● Dataset entries
###

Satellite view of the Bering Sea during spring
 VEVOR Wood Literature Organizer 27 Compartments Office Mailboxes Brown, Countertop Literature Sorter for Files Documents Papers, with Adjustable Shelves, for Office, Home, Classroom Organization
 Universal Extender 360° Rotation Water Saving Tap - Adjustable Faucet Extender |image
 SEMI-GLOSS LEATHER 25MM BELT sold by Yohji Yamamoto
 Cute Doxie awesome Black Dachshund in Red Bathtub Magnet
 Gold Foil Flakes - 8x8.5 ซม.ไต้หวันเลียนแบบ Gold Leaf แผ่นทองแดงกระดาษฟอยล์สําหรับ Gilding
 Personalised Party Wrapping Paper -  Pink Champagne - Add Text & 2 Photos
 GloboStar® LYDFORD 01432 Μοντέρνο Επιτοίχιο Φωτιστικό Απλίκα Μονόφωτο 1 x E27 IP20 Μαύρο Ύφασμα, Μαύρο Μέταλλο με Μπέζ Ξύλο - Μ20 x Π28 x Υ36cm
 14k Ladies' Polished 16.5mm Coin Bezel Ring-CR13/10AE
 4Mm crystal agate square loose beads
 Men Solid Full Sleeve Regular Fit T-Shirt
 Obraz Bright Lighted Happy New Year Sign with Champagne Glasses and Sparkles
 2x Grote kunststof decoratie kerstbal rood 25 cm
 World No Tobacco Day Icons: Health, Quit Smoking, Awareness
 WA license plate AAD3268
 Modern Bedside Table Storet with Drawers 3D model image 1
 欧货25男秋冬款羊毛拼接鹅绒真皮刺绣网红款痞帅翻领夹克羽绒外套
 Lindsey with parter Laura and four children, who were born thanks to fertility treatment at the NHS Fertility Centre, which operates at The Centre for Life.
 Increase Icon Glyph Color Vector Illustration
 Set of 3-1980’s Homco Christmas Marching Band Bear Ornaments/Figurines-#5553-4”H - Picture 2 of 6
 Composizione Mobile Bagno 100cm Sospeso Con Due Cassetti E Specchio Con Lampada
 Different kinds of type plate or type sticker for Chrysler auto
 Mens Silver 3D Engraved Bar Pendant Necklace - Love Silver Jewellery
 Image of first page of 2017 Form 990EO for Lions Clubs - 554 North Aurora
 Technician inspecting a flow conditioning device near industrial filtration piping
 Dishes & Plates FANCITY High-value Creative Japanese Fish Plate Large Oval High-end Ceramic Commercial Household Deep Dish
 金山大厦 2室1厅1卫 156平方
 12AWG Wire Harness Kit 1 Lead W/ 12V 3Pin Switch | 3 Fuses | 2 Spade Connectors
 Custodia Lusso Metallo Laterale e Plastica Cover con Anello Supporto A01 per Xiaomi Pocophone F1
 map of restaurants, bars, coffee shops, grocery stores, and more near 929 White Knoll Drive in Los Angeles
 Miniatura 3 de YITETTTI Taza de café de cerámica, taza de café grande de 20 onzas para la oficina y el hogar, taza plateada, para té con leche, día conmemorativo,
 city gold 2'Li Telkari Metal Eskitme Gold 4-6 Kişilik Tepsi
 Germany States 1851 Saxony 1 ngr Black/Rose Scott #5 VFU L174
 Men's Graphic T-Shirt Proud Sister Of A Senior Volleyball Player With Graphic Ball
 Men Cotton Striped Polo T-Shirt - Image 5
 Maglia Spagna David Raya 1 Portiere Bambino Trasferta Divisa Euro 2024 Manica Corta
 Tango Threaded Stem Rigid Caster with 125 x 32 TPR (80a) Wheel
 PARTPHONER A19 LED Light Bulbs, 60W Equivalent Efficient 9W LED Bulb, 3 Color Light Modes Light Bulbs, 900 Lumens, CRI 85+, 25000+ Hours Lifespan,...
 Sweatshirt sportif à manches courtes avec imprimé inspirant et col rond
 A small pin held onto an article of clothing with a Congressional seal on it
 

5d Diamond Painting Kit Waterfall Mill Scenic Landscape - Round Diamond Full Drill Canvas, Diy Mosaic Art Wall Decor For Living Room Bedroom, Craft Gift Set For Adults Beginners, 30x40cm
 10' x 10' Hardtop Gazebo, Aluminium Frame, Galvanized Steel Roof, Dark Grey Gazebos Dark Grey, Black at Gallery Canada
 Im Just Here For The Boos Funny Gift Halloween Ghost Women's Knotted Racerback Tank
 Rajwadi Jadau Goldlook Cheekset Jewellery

###

● Work item
Please return the lines above that run from the line containing "12AWG Wire Harness" to the line containing "Men Cotton Striped Polo T-Shirt - Image 5", inclusive, exactly and with no other lines.

● Expected answer
 12AWG Wire Harness Kit 1 Lead W/ 12V 3Pin Switch | 3 Fuses | 2 Spade Connectors
 Custodia Lusso Metallo Laterale e Plastica Cover con Anello Supporto A01 per Xiaomi Pocophone F1
 map of restaurants, bars, coffee shops, grocery stores, and more near 929 White Knoll Drive in Los Angeles
 Miniatura 3 de YITETTTI Taza de café de cerámica, taza de café grande de 20 onzas para la oficina y el hogar, taza plateada, para té con leche, día conmemorativo,
 city gold 2'Li Telkari Metal Eskitme Gold 4-6 Kişilik Tepsi
 Germany States 1851 Saxony 1 ngr Black/Rose Scott #5 VFU L174
 Men's Graphic T-Shirt Proud Sister Of A Senior Volleyball Player With Graphic Ball
 Men Cotton Striped Polo T-Shirt - Image 5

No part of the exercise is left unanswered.